Metal–Metal Bonding in Bis(alkylthio)hexacarbonyldicobalt Complexes: Open Structures vs. Butterfly and Tetrahedrane Structures

Density functional calculations on the Co 2 (CO) 6 (SR) 2 compounds (R = CH 3 , CF 3 ) predict both open and butterfly structure types of similar energies. The open Co 2 (CO) 6 (μ‐SR) 2 structures have non‐planar central Co 2 S 2 units with two bridging RS groups and ca. 3.4 Å Co ··· Co distances indicating a lack of direct metal–metal bonding.
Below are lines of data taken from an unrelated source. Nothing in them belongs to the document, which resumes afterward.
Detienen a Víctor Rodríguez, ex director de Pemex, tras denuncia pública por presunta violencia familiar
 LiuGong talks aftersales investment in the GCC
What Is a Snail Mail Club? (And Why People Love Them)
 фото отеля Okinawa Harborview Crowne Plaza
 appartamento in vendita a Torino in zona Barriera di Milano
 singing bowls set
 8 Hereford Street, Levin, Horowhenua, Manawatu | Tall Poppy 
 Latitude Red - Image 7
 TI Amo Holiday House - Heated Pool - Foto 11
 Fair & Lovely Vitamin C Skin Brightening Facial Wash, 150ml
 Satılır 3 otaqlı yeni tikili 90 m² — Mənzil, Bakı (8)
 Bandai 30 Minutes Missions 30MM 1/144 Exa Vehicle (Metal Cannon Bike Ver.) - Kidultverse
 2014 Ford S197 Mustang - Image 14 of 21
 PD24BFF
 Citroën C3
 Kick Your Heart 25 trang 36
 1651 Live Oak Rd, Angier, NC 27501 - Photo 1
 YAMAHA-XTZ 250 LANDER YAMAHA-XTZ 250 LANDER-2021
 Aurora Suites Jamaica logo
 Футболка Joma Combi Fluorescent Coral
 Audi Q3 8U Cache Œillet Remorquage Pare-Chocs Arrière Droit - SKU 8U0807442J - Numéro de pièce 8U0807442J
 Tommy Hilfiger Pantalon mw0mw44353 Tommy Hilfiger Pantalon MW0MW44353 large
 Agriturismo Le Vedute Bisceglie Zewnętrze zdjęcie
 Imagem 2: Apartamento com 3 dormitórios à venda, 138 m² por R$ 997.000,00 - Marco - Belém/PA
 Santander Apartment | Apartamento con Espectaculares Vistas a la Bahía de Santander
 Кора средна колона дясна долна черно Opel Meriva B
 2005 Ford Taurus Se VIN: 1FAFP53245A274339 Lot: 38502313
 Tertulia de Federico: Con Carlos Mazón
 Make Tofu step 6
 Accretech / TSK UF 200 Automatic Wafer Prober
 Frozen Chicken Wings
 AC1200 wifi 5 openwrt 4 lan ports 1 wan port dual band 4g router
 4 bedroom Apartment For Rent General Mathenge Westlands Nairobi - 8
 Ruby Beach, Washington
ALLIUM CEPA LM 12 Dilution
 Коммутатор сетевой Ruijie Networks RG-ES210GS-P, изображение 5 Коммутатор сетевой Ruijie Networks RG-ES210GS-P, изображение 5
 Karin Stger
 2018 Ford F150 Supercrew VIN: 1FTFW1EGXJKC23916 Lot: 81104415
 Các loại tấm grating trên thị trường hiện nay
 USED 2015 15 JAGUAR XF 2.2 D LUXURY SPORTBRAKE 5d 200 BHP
The butterfly Co 2 (CO) 5 (μ‐SR)(μ‐CO)(SR) structures have direct Co–Co bonds of lengths ca. 2.5 Å forming the “body” of the butterfly, one terminal RS group, one bridging RS group, and one bridging CO group. The lowest energy Co 2 (CO) 6 (SCH 3 ) 2 structure is an open isomer. However, this open isomer lies only 0.4 kcal/mol below the corresponding butterfly isomer. For the corresponding fluorinated derivative Co 2 (CO) 6 (SCF 3 ) 2 a butterfly structure with a direct Co–Co bond and a bridging CO group lies at a slightly lower energy than the lowest energy open structures. The relative energy difference between open and butterfly Co 2 (CO) 6 (SCF 3 ) 2 structures is more than five times higher than for the Co 2 (CO) 6 (SCH 3 ) 2 structures. The electronegativity of the RS group in the Co 2 (CO) 6 (SR) 2 structures has little effect on the geometric parameters but exerts a significant influence on the atomic charge distribution. The butterfly structures with a direct metal–metal bond are predicted to be nearly isoenergetic to open structures without a Co–Co bond. Unsuccessful attempts to optimize a previously proposed Co 2 (CO) 6 (μ‐η 2 :η 2 ‐S 2 R 2 ) structure with a central Co 2 S 2 tetrahedrane unit with one Co–Co bond, one S–S bond, and four Co–S bonds are consistent with the previous reformulation of the originally claimed Co 2 S 2 tetrahedranes Co 2 (CO) 6 [μ‐η 2 :η 2 ‐S 2 (C 6 X 5 ) 2 ] (X = F, Cl) as the trinuclear derivatives Co 3 (μ 3 ‐S)(C 6 F 5 )(CO) 8 .